# Your task:
Without including any pictures, copy each entry below exactly.

# Data extracts:
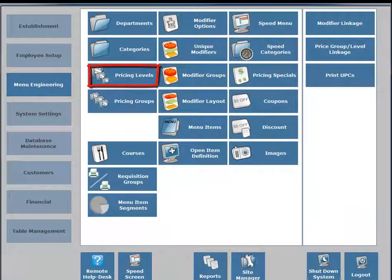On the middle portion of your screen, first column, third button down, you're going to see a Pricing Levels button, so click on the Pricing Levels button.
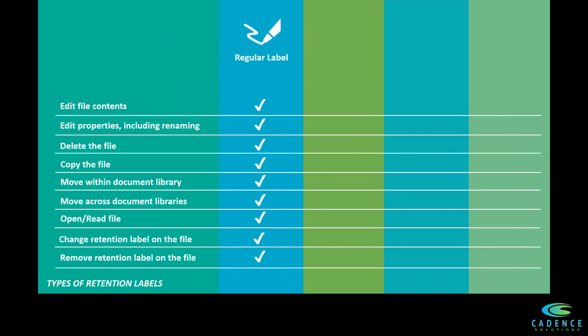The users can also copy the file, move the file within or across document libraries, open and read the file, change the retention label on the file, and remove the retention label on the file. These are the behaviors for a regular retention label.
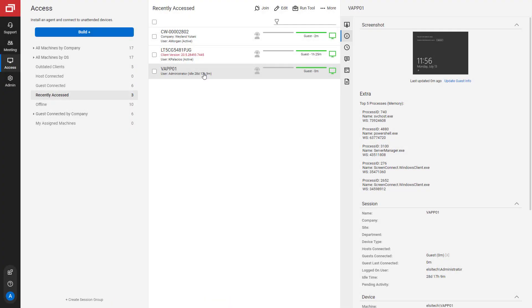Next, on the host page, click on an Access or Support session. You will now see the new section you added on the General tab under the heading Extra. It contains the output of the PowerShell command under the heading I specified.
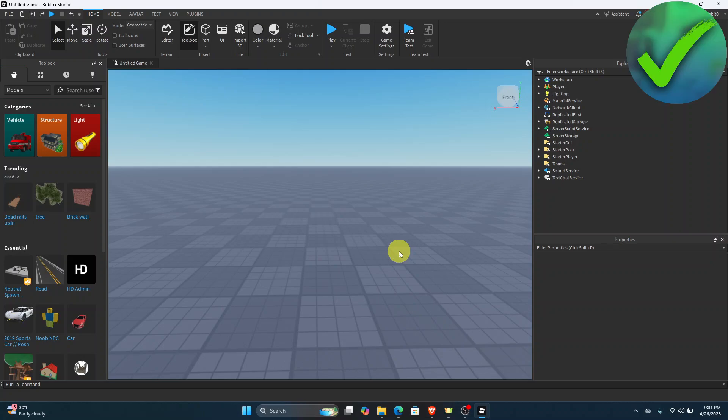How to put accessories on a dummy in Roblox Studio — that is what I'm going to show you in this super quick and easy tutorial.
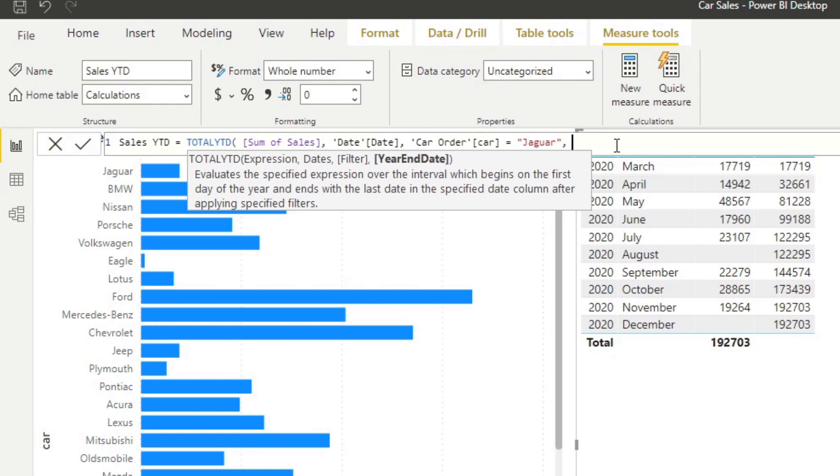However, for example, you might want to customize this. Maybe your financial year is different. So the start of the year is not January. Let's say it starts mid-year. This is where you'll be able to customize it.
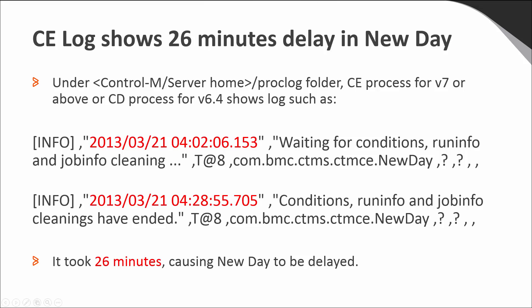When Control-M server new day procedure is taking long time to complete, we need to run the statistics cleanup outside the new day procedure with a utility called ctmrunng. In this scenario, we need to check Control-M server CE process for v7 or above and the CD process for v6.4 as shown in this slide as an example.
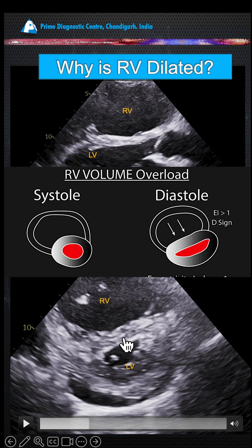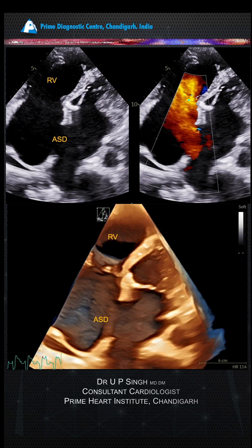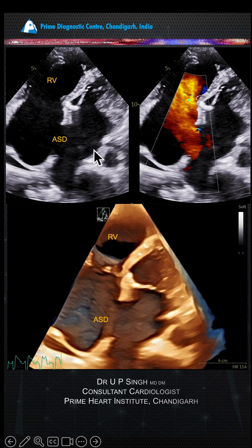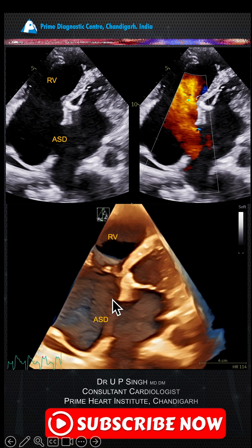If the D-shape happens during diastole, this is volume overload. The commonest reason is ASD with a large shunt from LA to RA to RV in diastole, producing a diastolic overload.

# Answer to this exercise:
On the middle portion of your screen, first column, third button down, you're going to see a Pricing Levels button, so click on the Pricing Levels button.
The users can also copy the file, move the file within or across document libraries, open and read the file, change the retention label on the file, and remove the retention label on the file. These are the behaviors for a regular retention label.
Next, on the host page, click on an Access or Support session. You will now see the new section you added on the General tab under the heading Extra. It contains the output of the PowerShell command under the heading I specified.
How to put accessories on a dummy in Roblox Studio — that is what I'm going to show you in this super quick and easy tutorial.
However, for example, you might want to customize this. Maybe your financial year is different. So the start of the year is not January. Let's say it starts mid-year. This is where you'll be able to customize it.
When Control-M server new day procedure is taking long time to complete, we need to run the statistics cleanup outside the new day procedure with a utility called ctmrunng. In this scenario, we need to check Control-M server CE process for v7 or above and the CD process for v6.4 as shown in this slide as an example.
If the D-shape happens during diastole, this is volume overload. The commonest reason is ASD with a large shunt from LA to RA to RV in diastole, producing a diastolic overload.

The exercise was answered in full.